The Associated Press

Grandparents: Teen Was Home With Flu Before Deputy Fired

Authorities have released no information about what led up to the shooting

A Wisconsin eighth-grader fatally shot by a sheriff's deputy on a Native American reservation came home from school with the flu the morning of the shooting but it's unclear why he left the home, his grandparents said Friday.

An Ashland County sheriff's deputy shot 14-year-old Jason Pero just before noon on Wednesday outside his home on the Bad River Band of Lake Superior Chippewa reservation, a sprawling wooded area about 300 miles north of Madison. Investigators said deputies were responding to a call about a male subject walking down the street with a knife around 11:40 a.m.

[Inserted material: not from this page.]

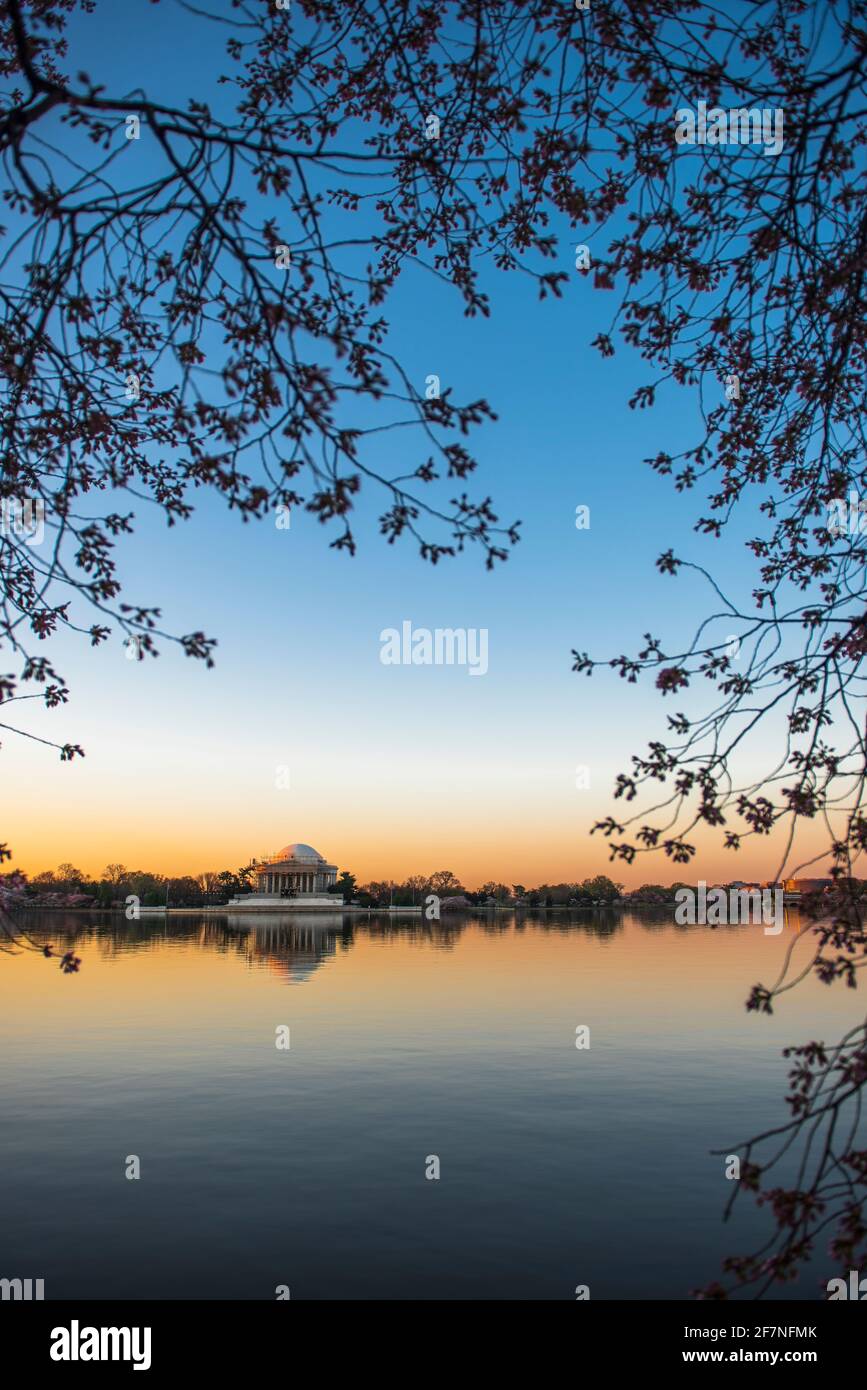 Kirschblüten umrahmen das Thomas Jefferson Memorial bei Sonnenaufgang im Tidal Basin der National Mall in Washington, D.C. Stockfoto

Authorities have released no information about what led up to the shooting.

Relatives have questioned whether the boy had a knife. The Wisconsin Department of Justice, which is investigating the incident, has said a knife was recovered from the scene. A department spokeswoman declined to comment Friday except to say the deputy has been placed on administrative leave.

The teen's grandfather, Alan Pero, told The Associated Press on Friday that the boy lived with him and his wife and they had raised him since he was a year old. He said his grandson dreamed of joining the military.

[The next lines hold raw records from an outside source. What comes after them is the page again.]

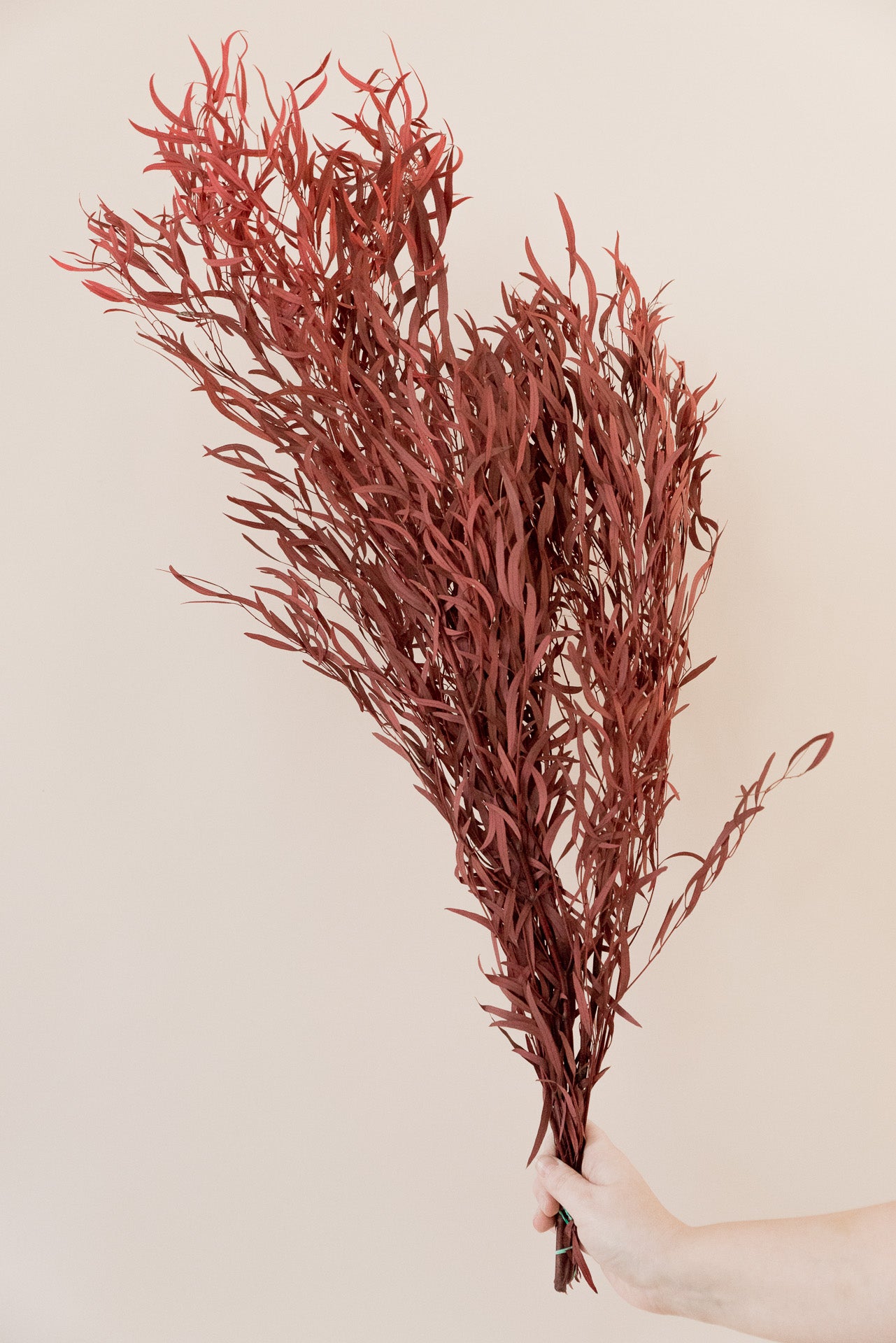 Eukalyptus Nicoli rot stabilisiert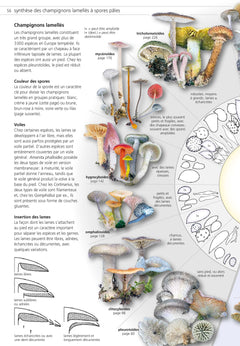 Champignons d'Europe tempérée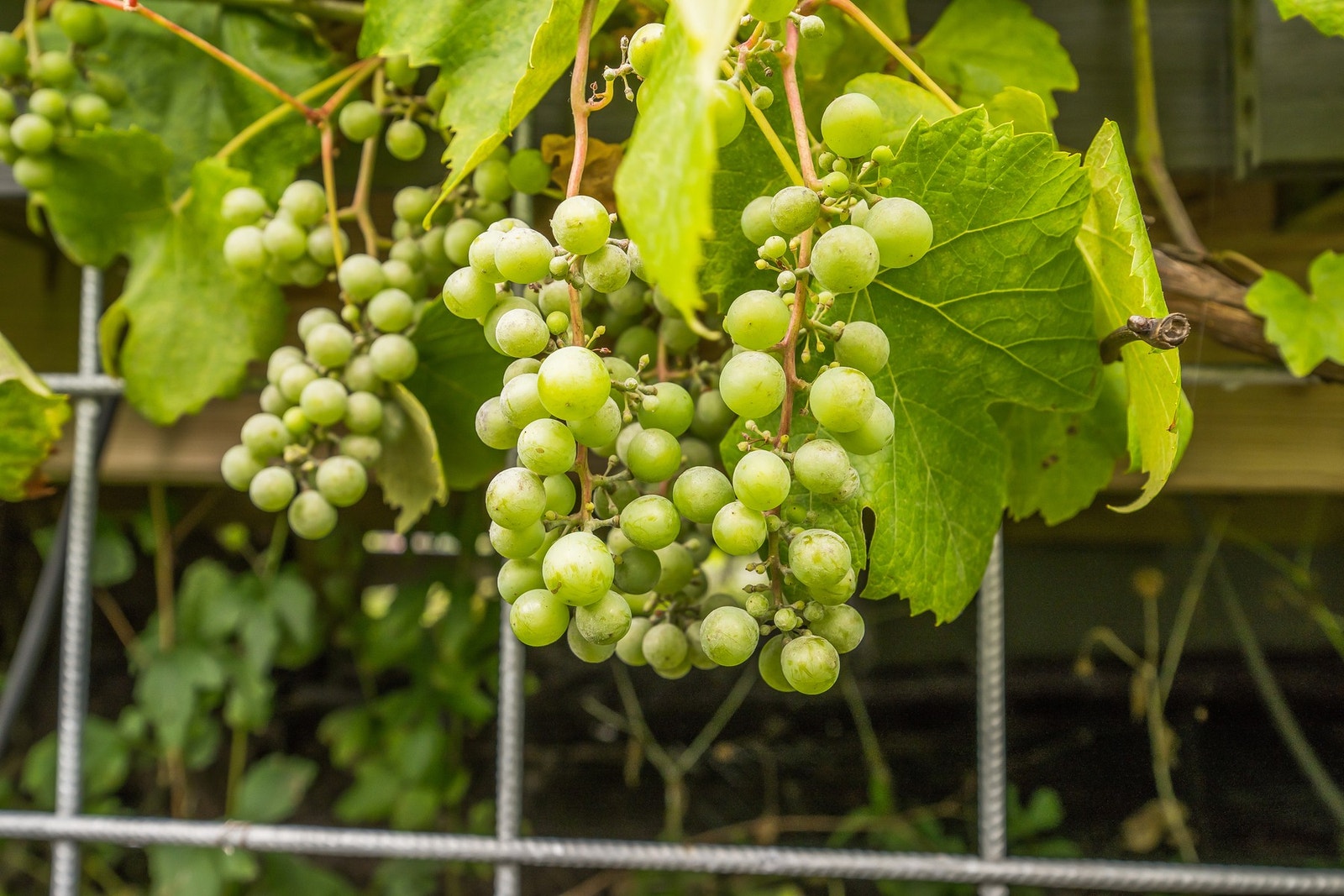 Kortreiste druer fra egen terrasse Galleribilde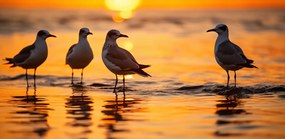 Poszter 91,3x44,5cm Sirály mese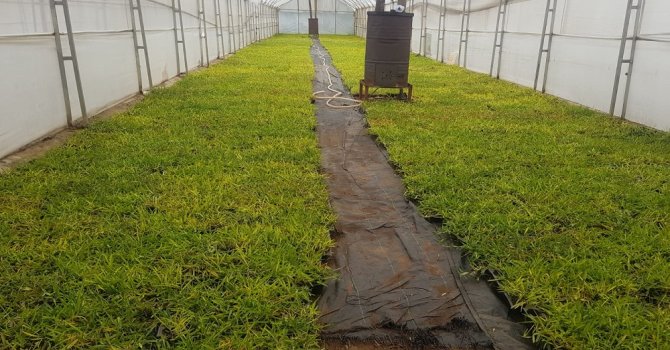 Büyükşehir susuzluğa dayanıklı çim üretiyor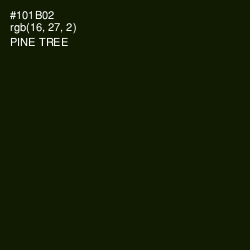 #101B02 - Pine Tree Color Image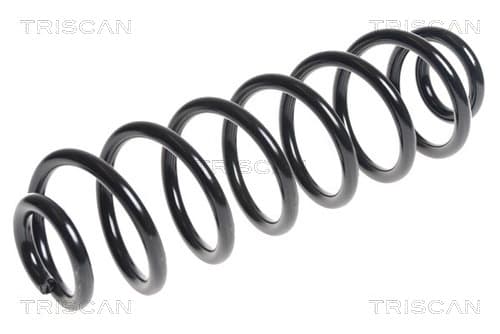 Spiralfjäder bak från TRISCAN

"He got murdered out in front of the house here," Pero said in a phone interview. "He's a boy. There's warning shots. There's Tasers. There's pepper spray. You don't go right on a 14-year-old kid and go for the kill zone."

"I'm really having a hard time keeping my anger in," his wife added. "You don't come up to a 14-year-old boy and pull a gun on him and just fire. ... That's baloney. We're asking questions. We're not getting answers."

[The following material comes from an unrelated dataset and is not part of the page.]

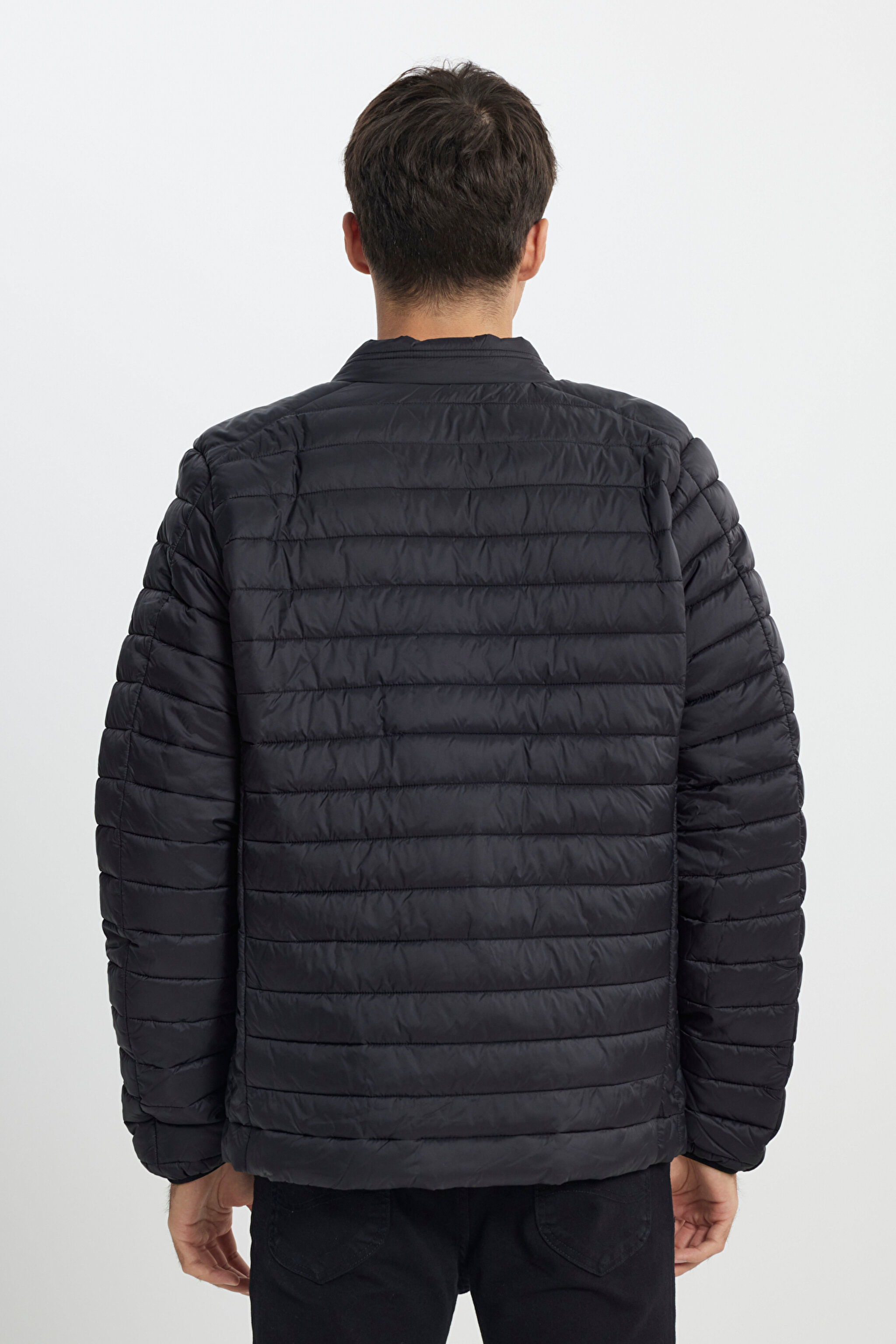 Regular Fit Normal Kesim Dik Yaka Kapitoneli Siyah Şişme Ceket - Black-L232521001 (görsel 7)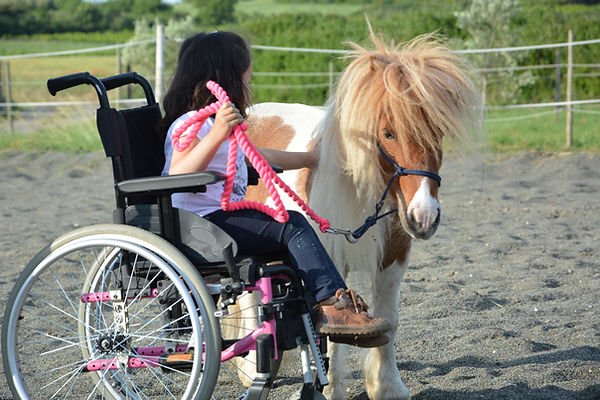poney et équithérapie Montpellier écurie Sonjah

Pero said his grandson had been sick for a few days. The boy went to school Wednesday morning but came back to the house feeling nauseous, he said. The grandparents weren't home, but Jason's uncle was at the house and told the grandparents that Jason got a 7-Up, laid on the couch and started watching TV.

The uncle was downstairs doing laundry when the boy apparently left. Pero said the uncle doesn't know why or how the boy left the house.

Investigators searched the home and that the family discovered a dull butcher knife was missing, Pero said. The boy's mother and other relatives have said they're not convinced Jason had a knife. His grandfather said that even if he did, "maybe he was carving, maybe he was doing something, but he'd never hurt a fly. Never in his life."

Cheryl Pero said she was working at a day care when she saw squad cars "flying by like crazy, and I just got a really sick feeling in my stomach knowing they were (heading in the direction of her house)."

She came home and saw her house ringed off with yellow police tape. In the yard was her grandson's body.

"At first I didn't really know that was him lying there," she said. "When I was finally able to get a glance and recognize the clothing, that's when I lost it. They cut off his shirt. It was laying there and they were doing (chest) compressions. That's all I have my head."

Both grandparents described their grandson as a gentle boy who played the drums for his tribe and wanted to become a Marine.

"He was a big old teddy bear," Alan Pero said. "He teased his little nephews once in a while but that was the meanest part he had."

The Bad River reservation covers 124,655 acres along Lake Superior. The area is largely untouched wilderness, marked by thick forests and swamps. Tribal members consider the environment sacred, particularly Gichi Gami, the Chippewa name for Lake Superior.

The tribe led the fight against Republican legislation that dramatically relaxed Wisconsin's iron mining regulations for an open-pit mine near the reservation. The mine never materialized. In January, the tribe called for removing 12 miles (19 kilometers) of an Enbridge oil pipeline from their reservation.

The sheriff's office provides law enforcement services on the reservation along with the tribal police department.